=== Dataset extract ===
--------------------------------

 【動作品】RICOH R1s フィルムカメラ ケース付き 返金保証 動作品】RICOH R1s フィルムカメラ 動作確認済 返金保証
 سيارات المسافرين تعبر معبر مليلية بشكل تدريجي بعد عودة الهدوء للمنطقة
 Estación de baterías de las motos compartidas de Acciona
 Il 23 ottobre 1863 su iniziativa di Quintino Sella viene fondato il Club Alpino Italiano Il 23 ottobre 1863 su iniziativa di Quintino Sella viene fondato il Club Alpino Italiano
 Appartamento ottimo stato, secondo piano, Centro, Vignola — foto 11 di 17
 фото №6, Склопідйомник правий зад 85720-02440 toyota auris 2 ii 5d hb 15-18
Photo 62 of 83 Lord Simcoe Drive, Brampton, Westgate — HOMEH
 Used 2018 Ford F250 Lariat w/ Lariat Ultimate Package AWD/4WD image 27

--------------------------------

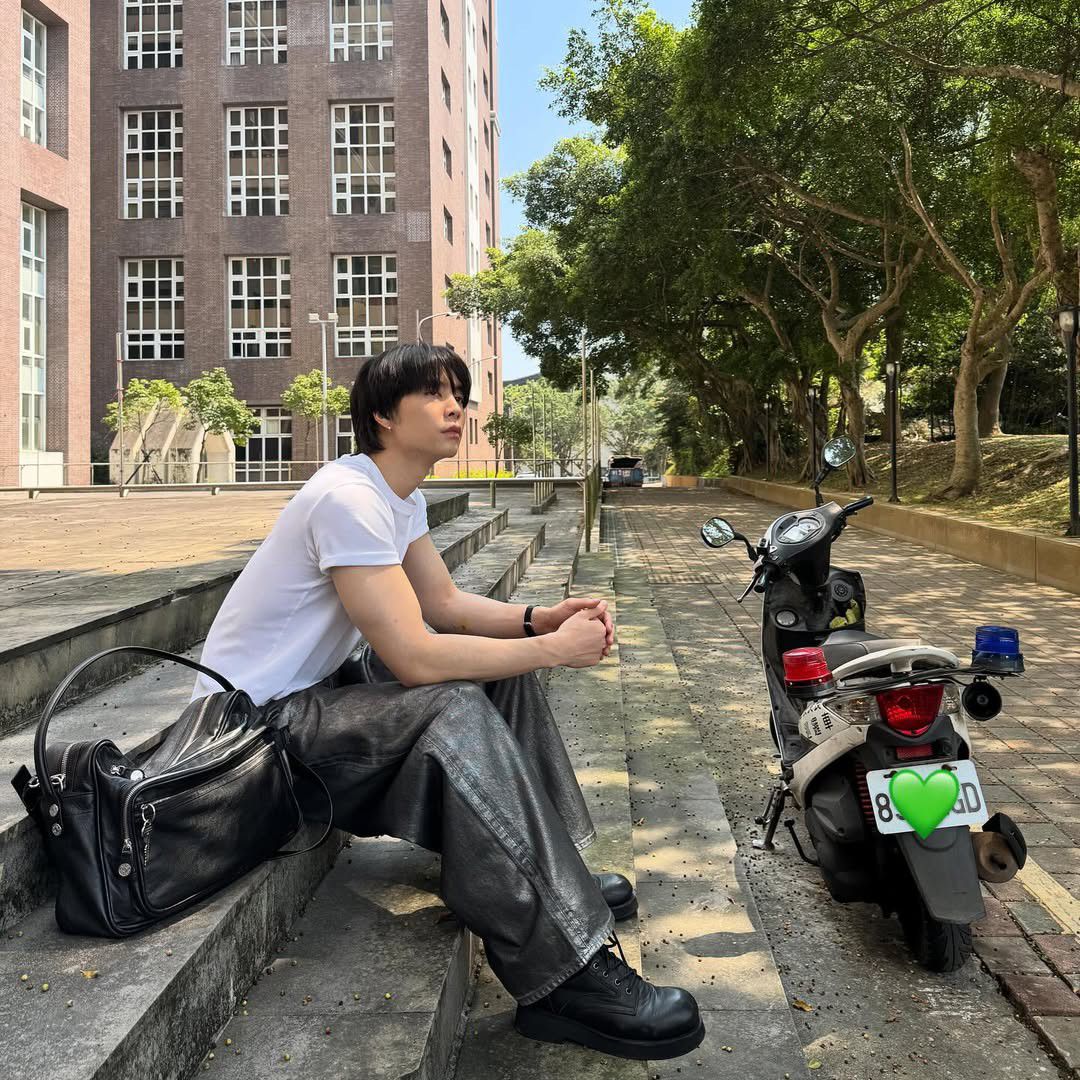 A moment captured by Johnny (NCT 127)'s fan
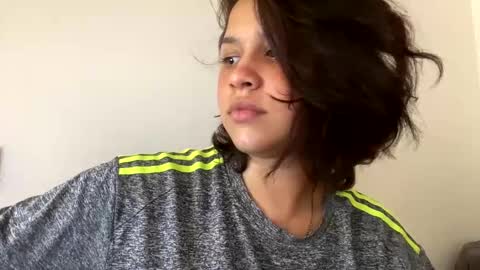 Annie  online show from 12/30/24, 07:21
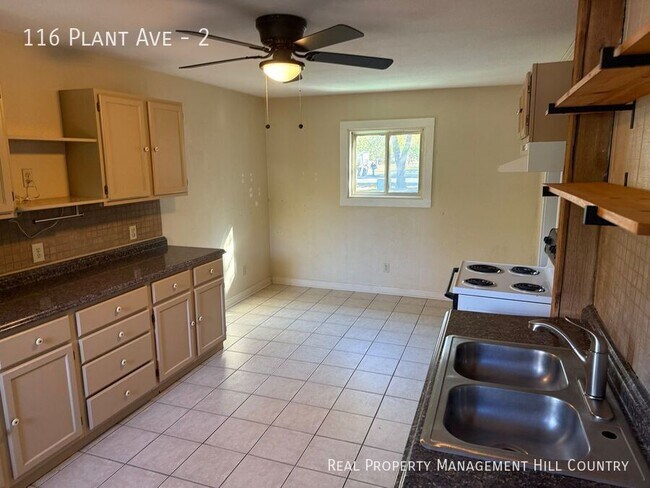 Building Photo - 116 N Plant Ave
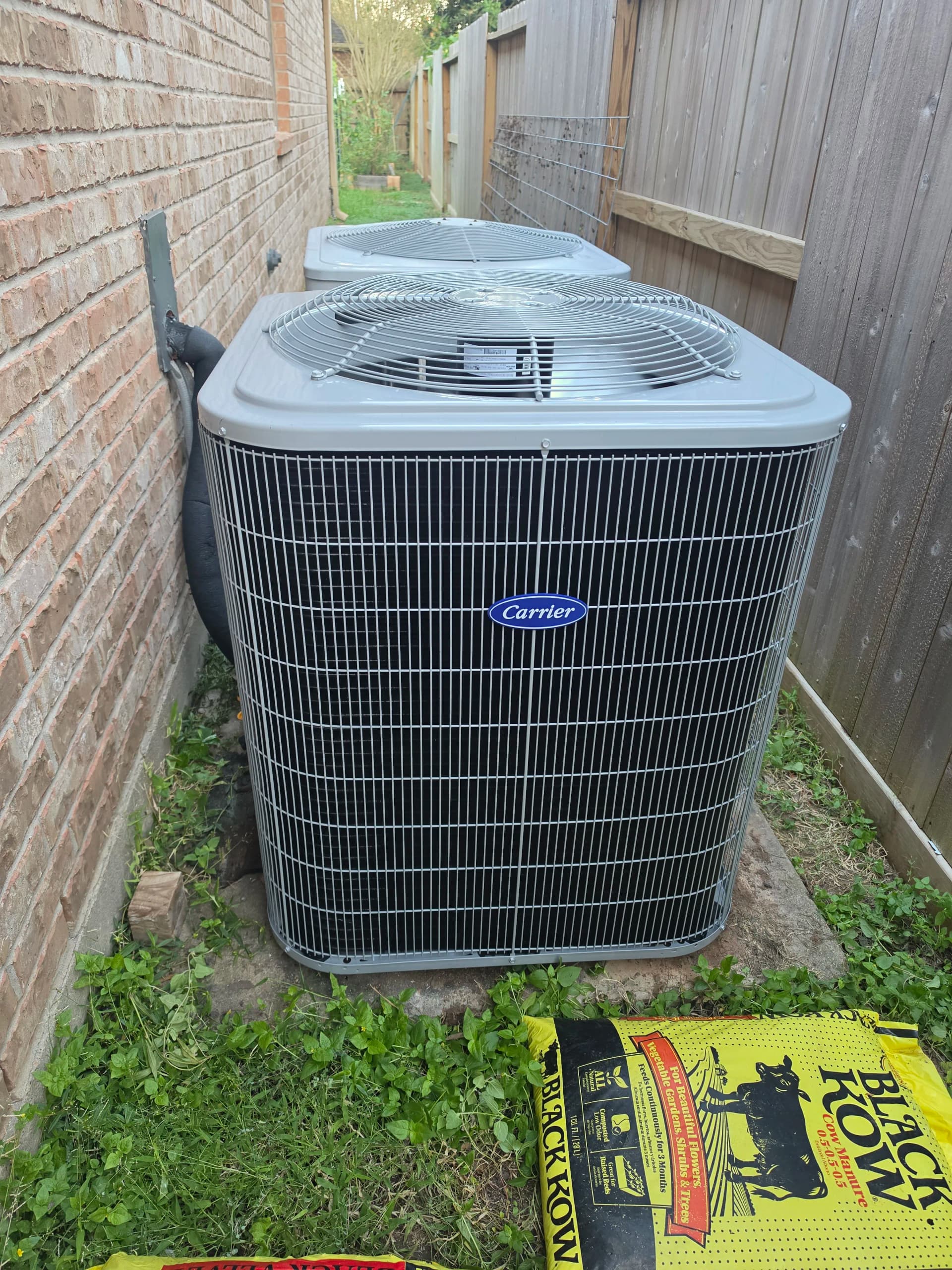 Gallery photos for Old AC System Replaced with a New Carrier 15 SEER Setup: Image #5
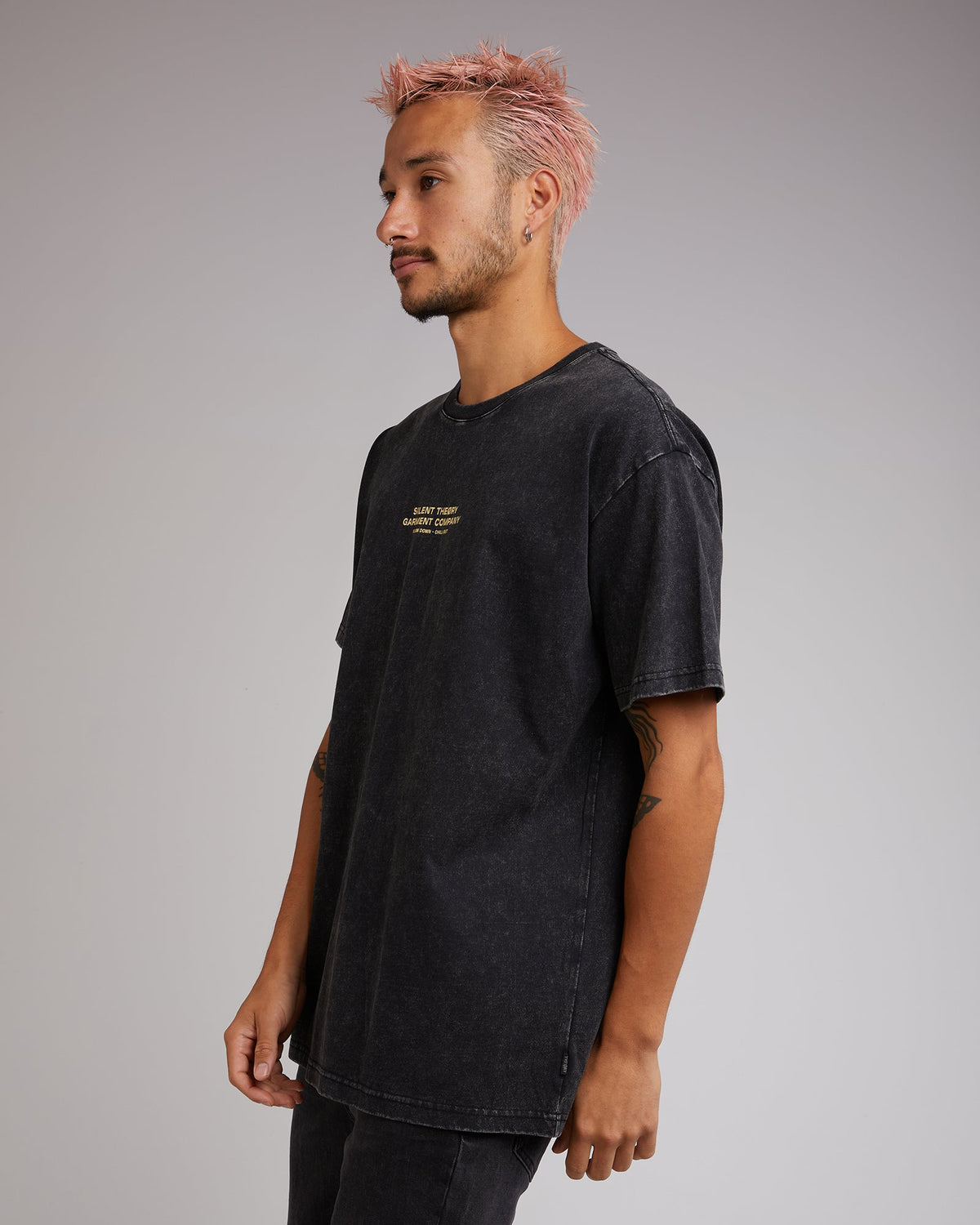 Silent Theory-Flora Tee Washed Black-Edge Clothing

--------------------------------

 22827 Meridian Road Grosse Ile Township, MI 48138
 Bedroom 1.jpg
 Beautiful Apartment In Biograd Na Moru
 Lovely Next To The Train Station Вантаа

--------------------------------

=== Your assignment ===
Copy the stretch of the records above that runs from the line with "22827 Meridian Road" through the line with "Lovely Next To The Train Station Вантаа". Both end lines belong in the copy, and nothing else does.

=== Written response ===
 22827 Meridian Road Grosse Ile Township, MI 48138
 Bedroom 1.jpg
 Beautiful Apartment In Biograd Na Moru
 Lovely Next To The Train Station Вантаа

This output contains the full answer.